» **Task**: Only one span of the material below is wanted. Output it exactly, from the line with "Pokémon TCG: Battle" through the line with "white and silver", without any pictures.

» **Dataset records**:
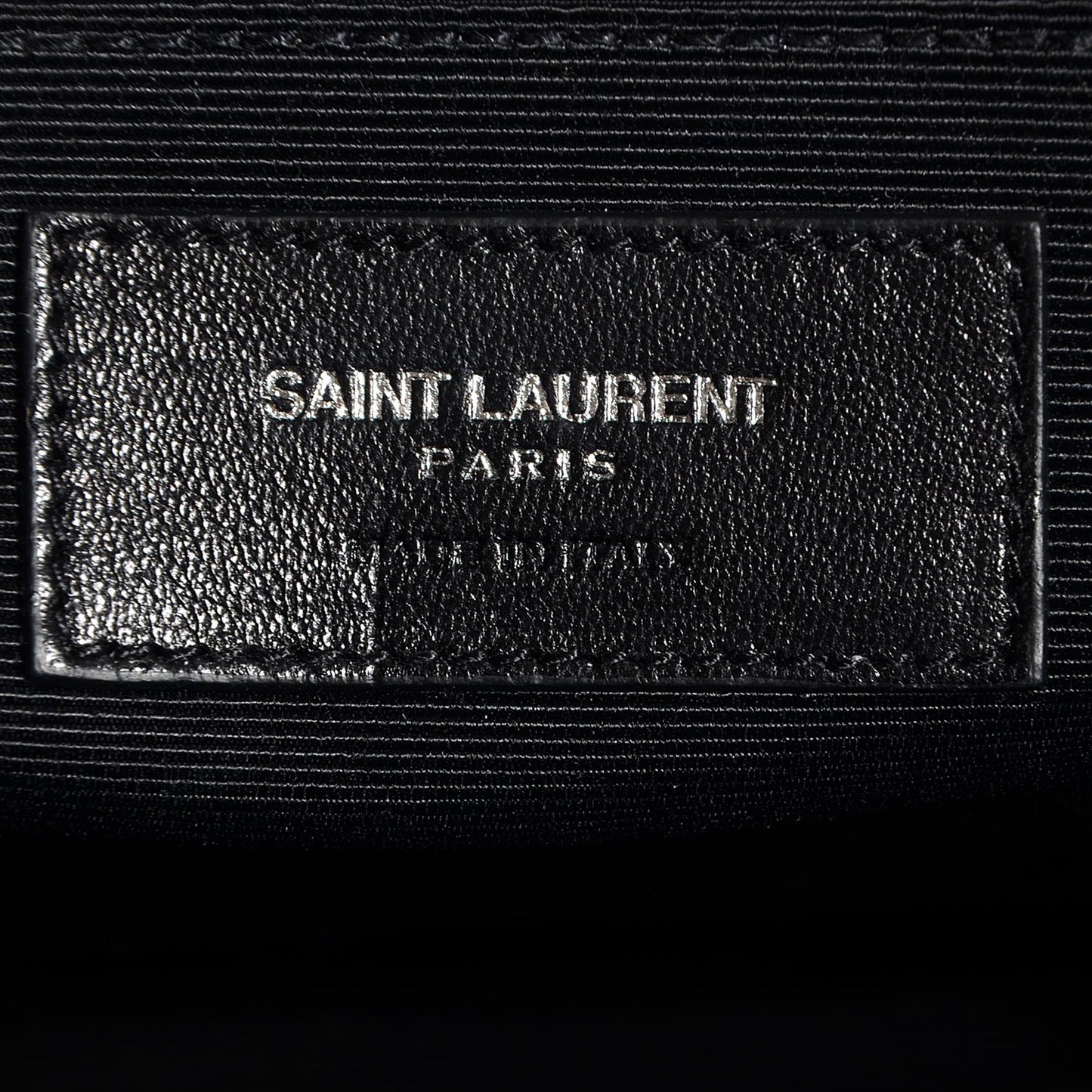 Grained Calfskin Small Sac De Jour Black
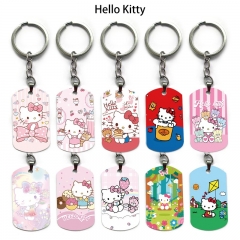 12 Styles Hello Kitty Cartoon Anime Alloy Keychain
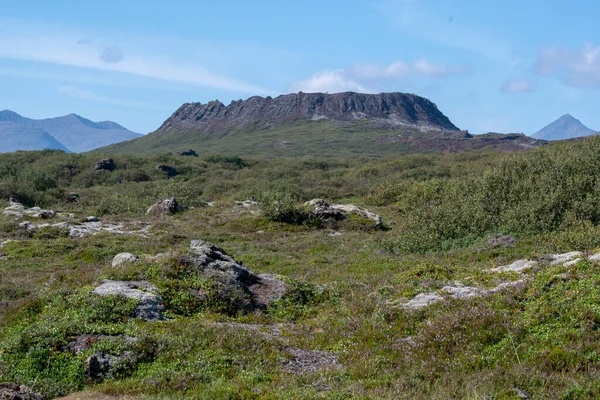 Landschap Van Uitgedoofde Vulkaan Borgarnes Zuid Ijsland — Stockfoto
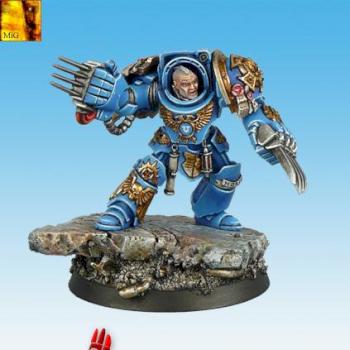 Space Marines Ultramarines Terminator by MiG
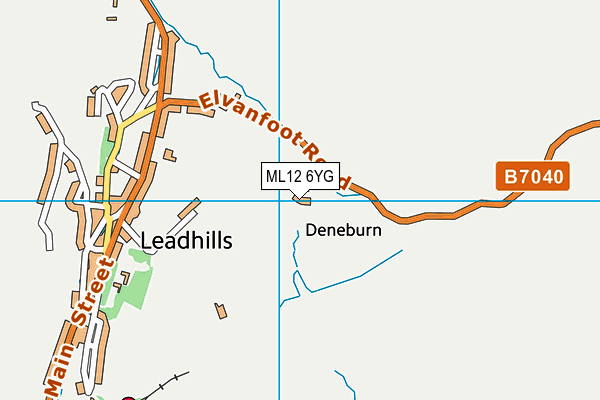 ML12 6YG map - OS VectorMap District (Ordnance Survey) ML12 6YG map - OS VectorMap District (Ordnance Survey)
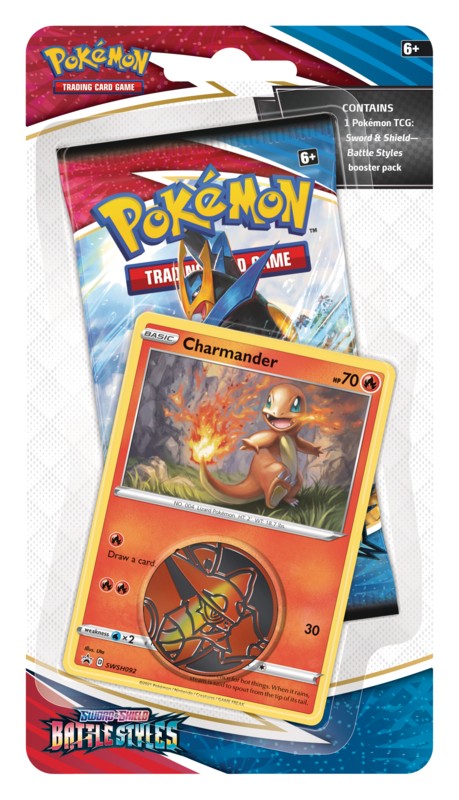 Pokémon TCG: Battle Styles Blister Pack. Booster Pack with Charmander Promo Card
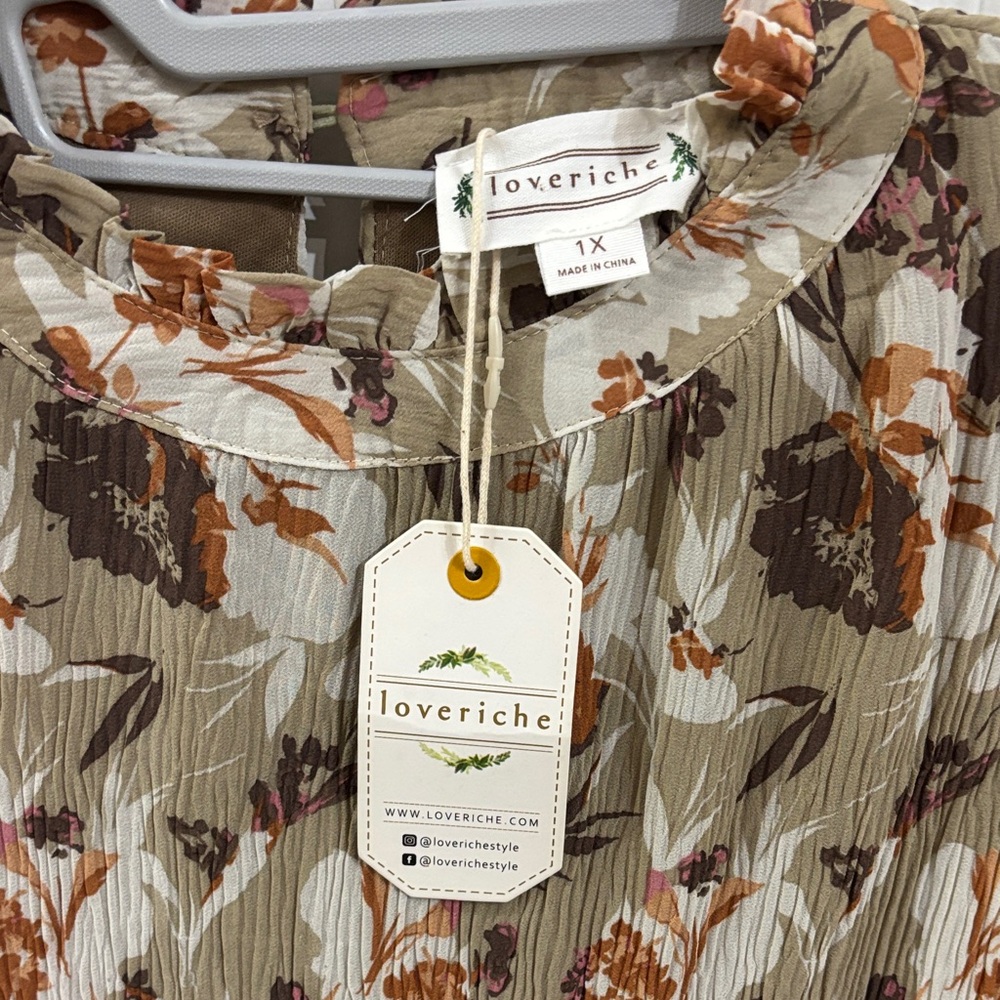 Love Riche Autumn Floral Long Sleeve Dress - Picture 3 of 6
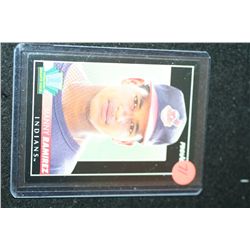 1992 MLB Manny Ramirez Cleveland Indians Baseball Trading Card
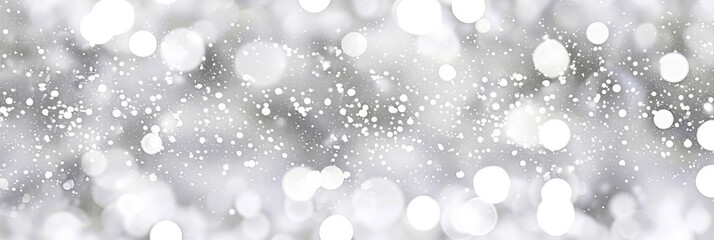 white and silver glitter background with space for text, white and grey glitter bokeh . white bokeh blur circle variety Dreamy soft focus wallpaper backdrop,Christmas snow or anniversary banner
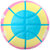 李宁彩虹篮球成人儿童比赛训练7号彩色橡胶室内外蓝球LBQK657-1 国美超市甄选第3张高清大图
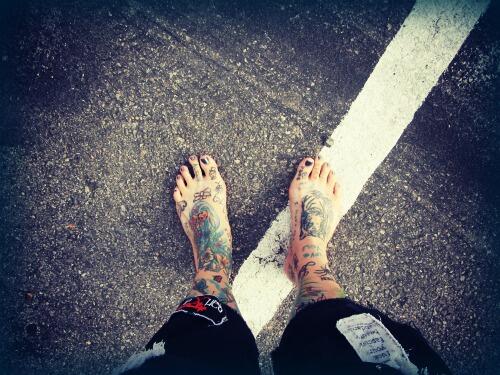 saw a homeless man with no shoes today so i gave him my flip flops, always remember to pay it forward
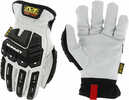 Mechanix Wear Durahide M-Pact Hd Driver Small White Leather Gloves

* * *

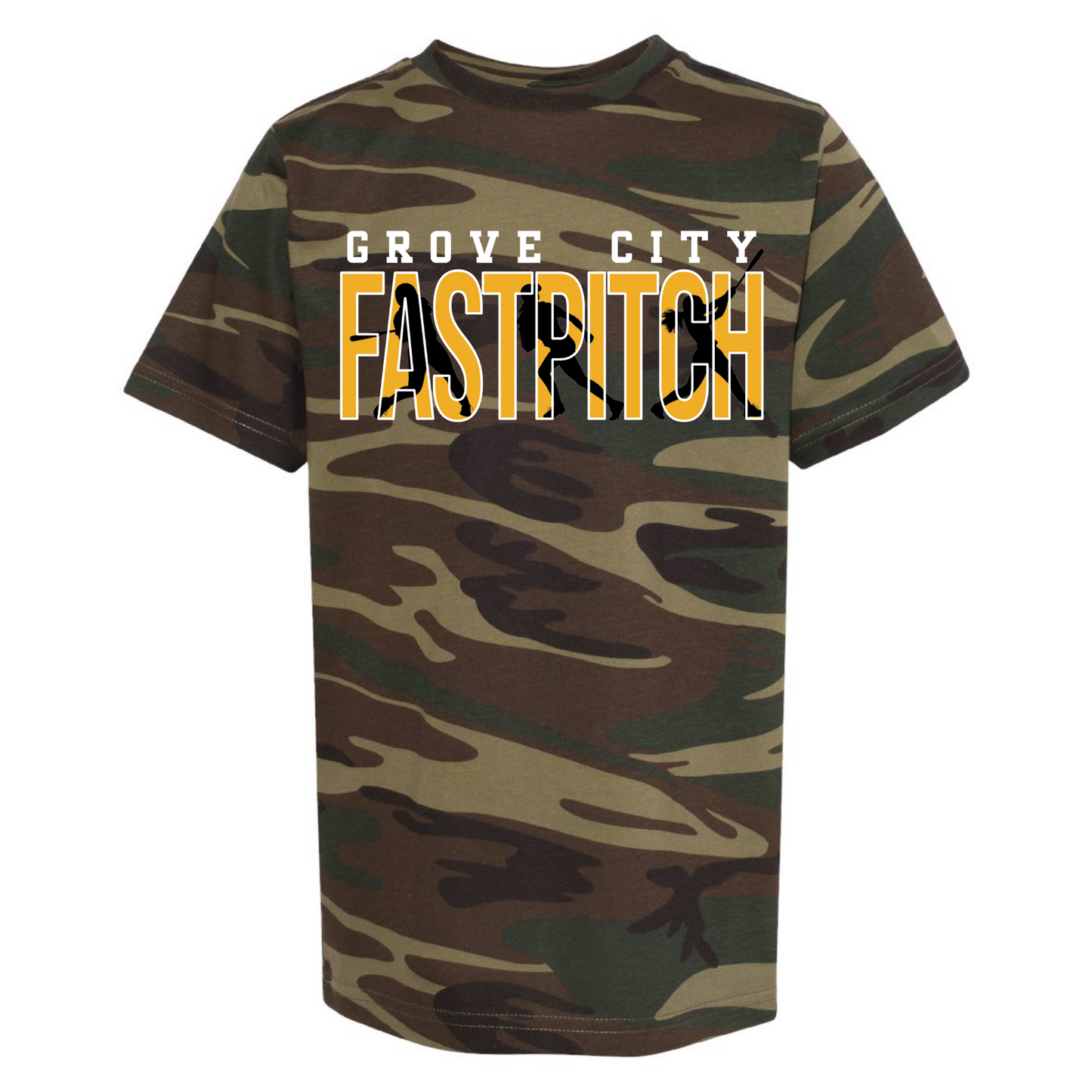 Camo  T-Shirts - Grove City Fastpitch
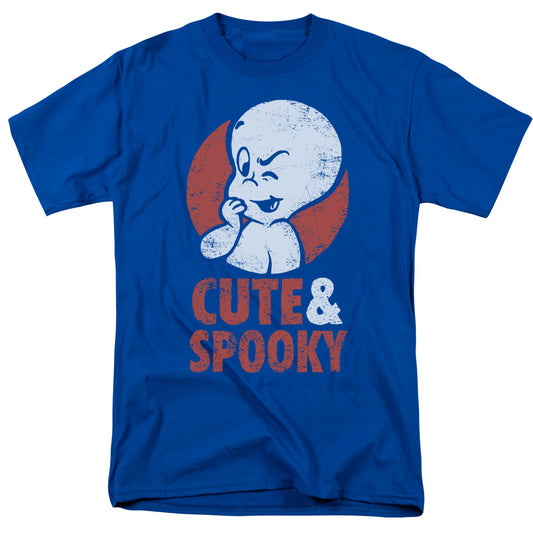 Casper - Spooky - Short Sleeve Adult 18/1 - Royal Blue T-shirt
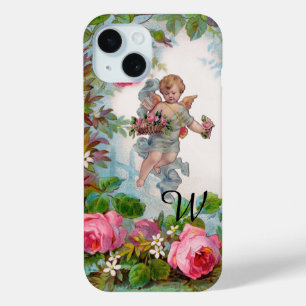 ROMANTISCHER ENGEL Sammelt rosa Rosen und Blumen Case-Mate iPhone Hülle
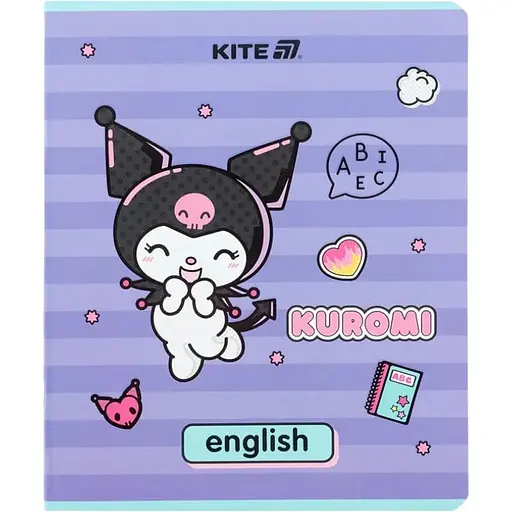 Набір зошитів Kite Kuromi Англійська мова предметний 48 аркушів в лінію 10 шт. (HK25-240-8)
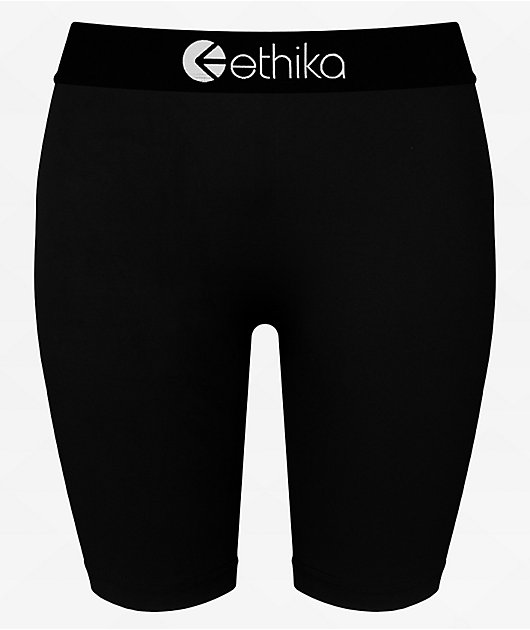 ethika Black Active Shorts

» **Solved problem**:
 Pokémon TCG: Battle Styles Blister Pack. Booster Pack with Charmander Promo Card
 Love Riche Autumn Floral Long Sleeve Dress - Picture 3 of 6
 1992 MLB Manny Ramirez Cleveland Indians Baseball Trading Card
 white and silver glitter background with space for text, white and grey glitter bokeh . white bokeh blur circle variety Dreamy soft focus wallpaper backdrop,Christmas snow or anniversary banner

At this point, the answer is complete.